Would you return, word for word, the lines of the data below from the line with "Alpine White 2025 BMW 330 xDrive" through the line with "Ingwer Ninja Tabelle 3 - großer Pic T-Shirt", and no others?

• Excerpted records
○ ○ ○ ○
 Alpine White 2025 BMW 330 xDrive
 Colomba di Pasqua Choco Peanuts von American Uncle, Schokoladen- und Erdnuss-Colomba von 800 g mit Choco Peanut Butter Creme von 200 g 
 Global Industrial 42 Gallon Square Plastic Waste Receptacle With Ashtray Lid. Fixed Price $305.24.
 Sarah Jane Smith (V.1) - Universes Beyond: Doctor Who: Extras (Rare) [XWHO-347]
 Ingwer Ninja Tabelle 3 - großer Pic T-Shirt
○ ○ ○ ○
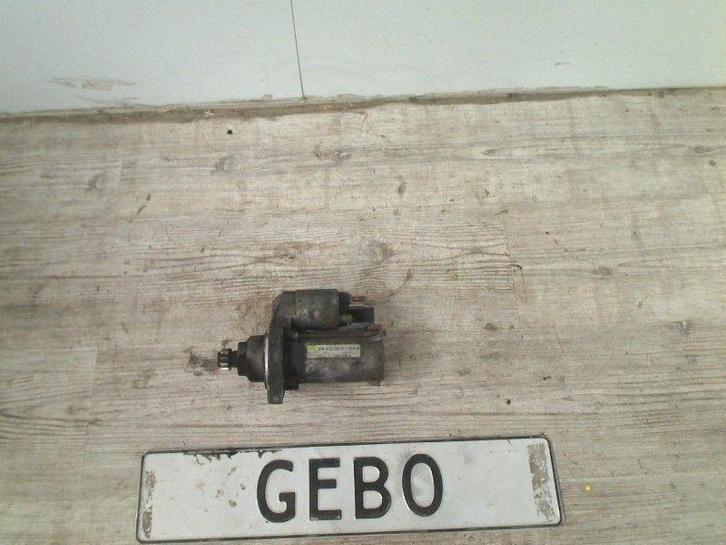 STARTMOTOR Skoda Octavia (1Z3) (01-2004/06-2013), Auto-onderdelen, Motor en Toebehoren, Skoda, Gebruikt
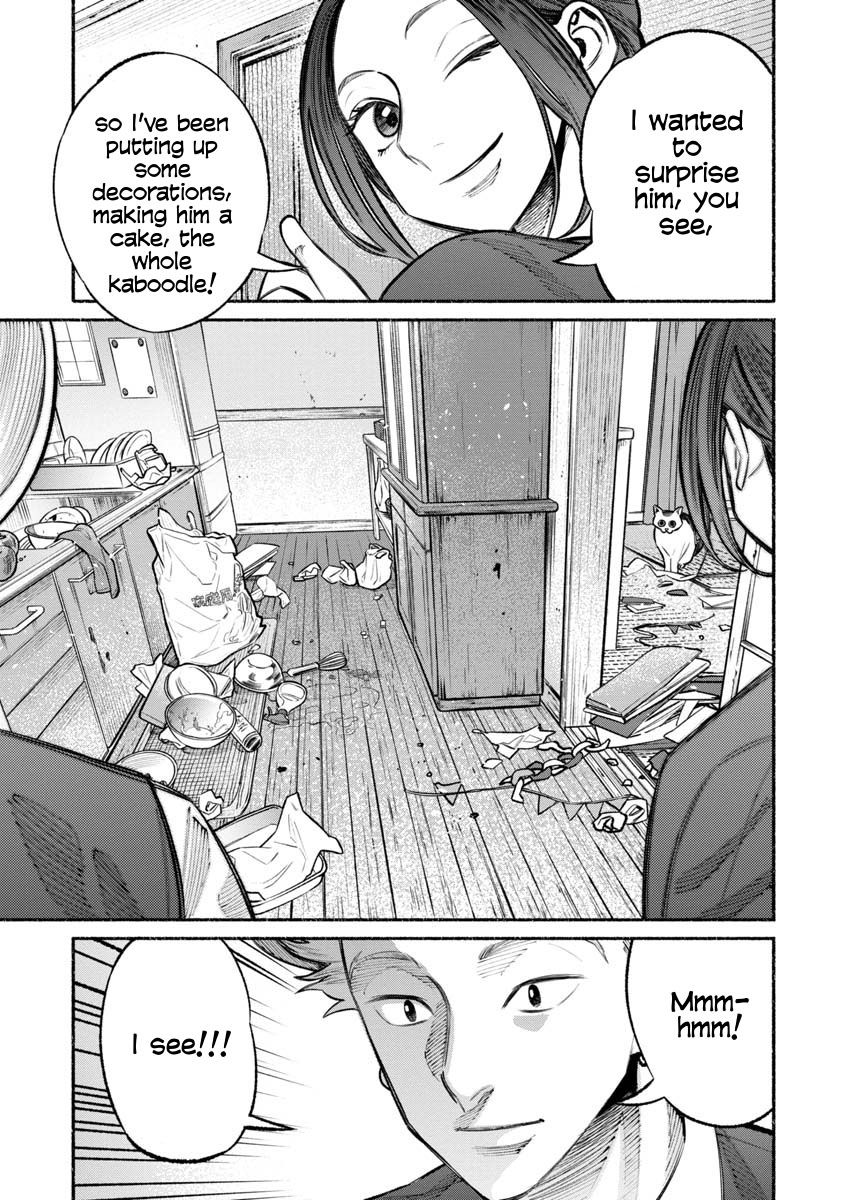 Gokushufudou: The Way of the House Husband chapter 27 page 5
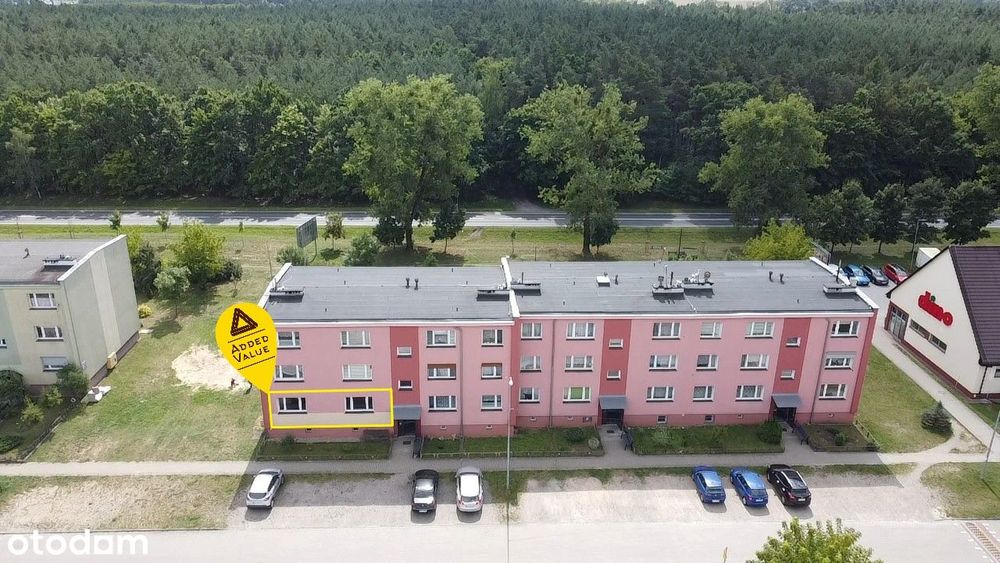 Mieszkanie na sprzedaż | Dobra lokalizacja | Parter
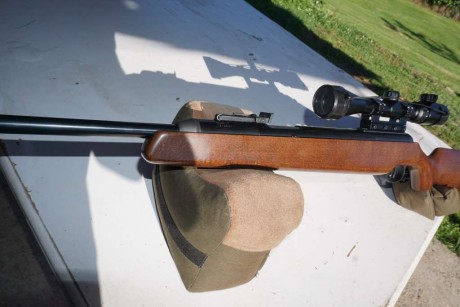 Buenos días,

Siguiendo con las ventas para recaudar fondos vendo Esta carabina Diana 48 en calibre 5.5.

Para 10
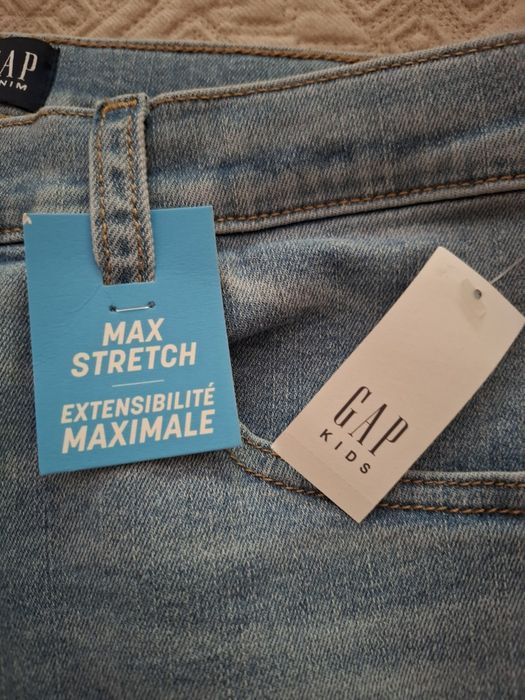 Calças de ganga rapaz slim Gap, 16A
○ ○ ○ ○
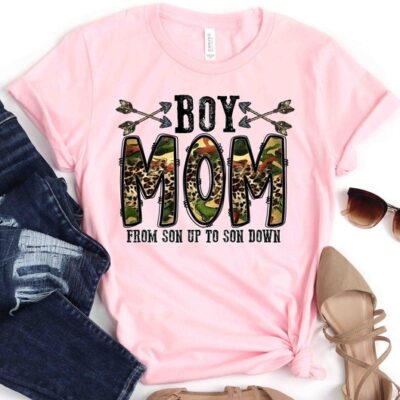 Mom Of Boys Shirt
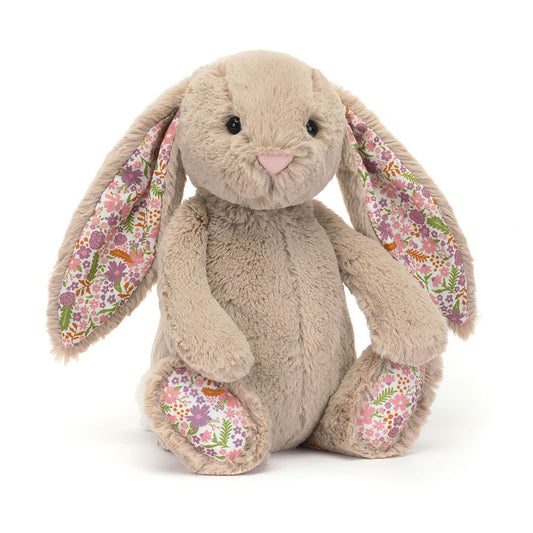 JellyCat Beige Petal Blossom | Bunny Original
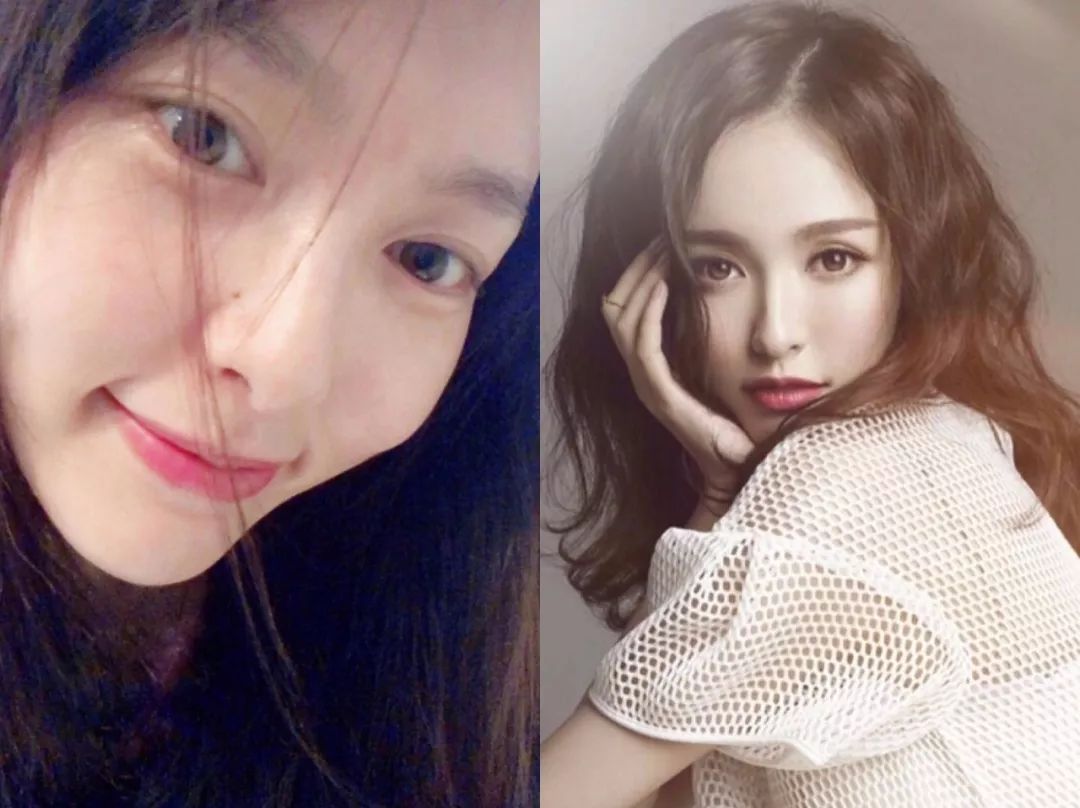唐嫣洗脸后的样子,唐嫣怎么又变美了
○ ○ ○ ○
• Reply
 Alpine White 2025 BMW 330 xDrive
 Colomba di Pasqua Choco Peanuts von American Uncle, Schokoladen- und Erdnuss-Colomba von 800 g mit Choco Peanut Butter Creme von 200 g 
 Global Industrial 42 Gallon Square Plastic Waste Receptacle With Ashtray Lid. Fixed Price $305.24.
 Sarah Jane Smith (V.1) - Universes Beyond: Doctor Who: Extras (Rare) [XWHO-347]
 Ingwer Ninja Tabelle 3 - großer Pic T-Shirt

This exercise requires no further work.